PROVIDED MATERIAL
------------------------------------------------------------
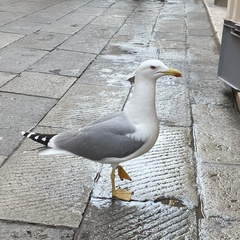Larus michahellis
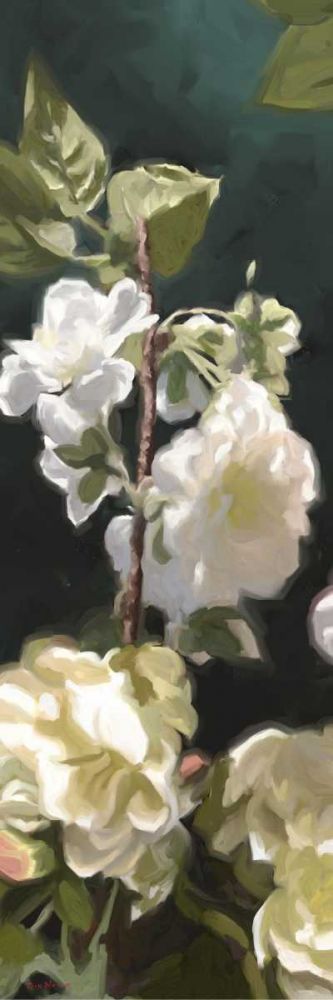 Wall Art Painting id:239135, Name: White Roses IV, Artist: Novak, Rick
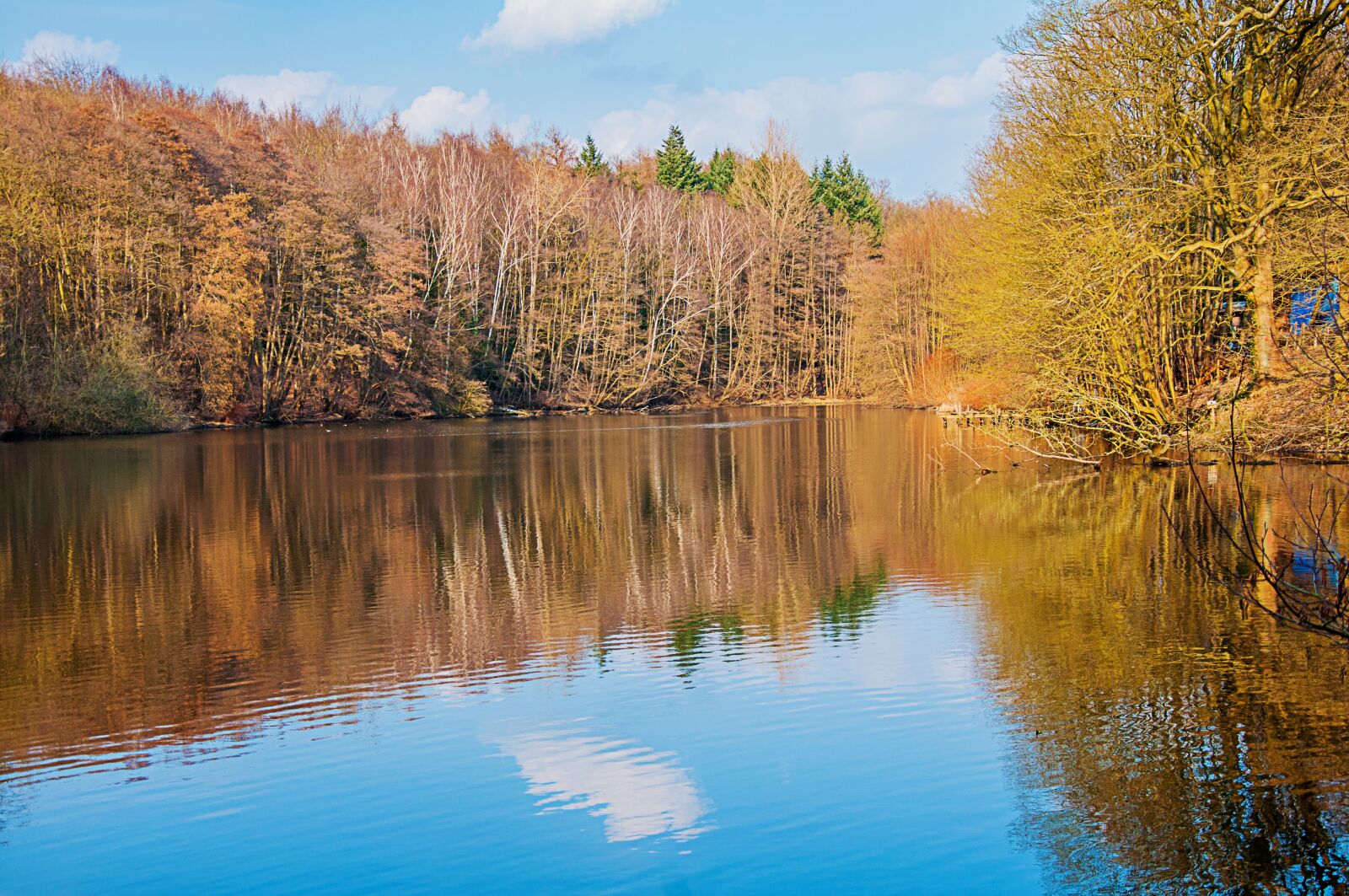 Nikon D90 sample photo. Nature, lake, landscape photography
------------------------------------------------------------
THE TASK
An acceptable answer consists of the lines above from the one holding "Wall Art Painting" to the end of the data, repeated exactly and containing no pictures.

SOLUTION
 Wall Art Painting id:239135, Name: White Roses IV, Artist: Novak, Rick
 Nikon D90 sample photo. Nature, lake, landscape photography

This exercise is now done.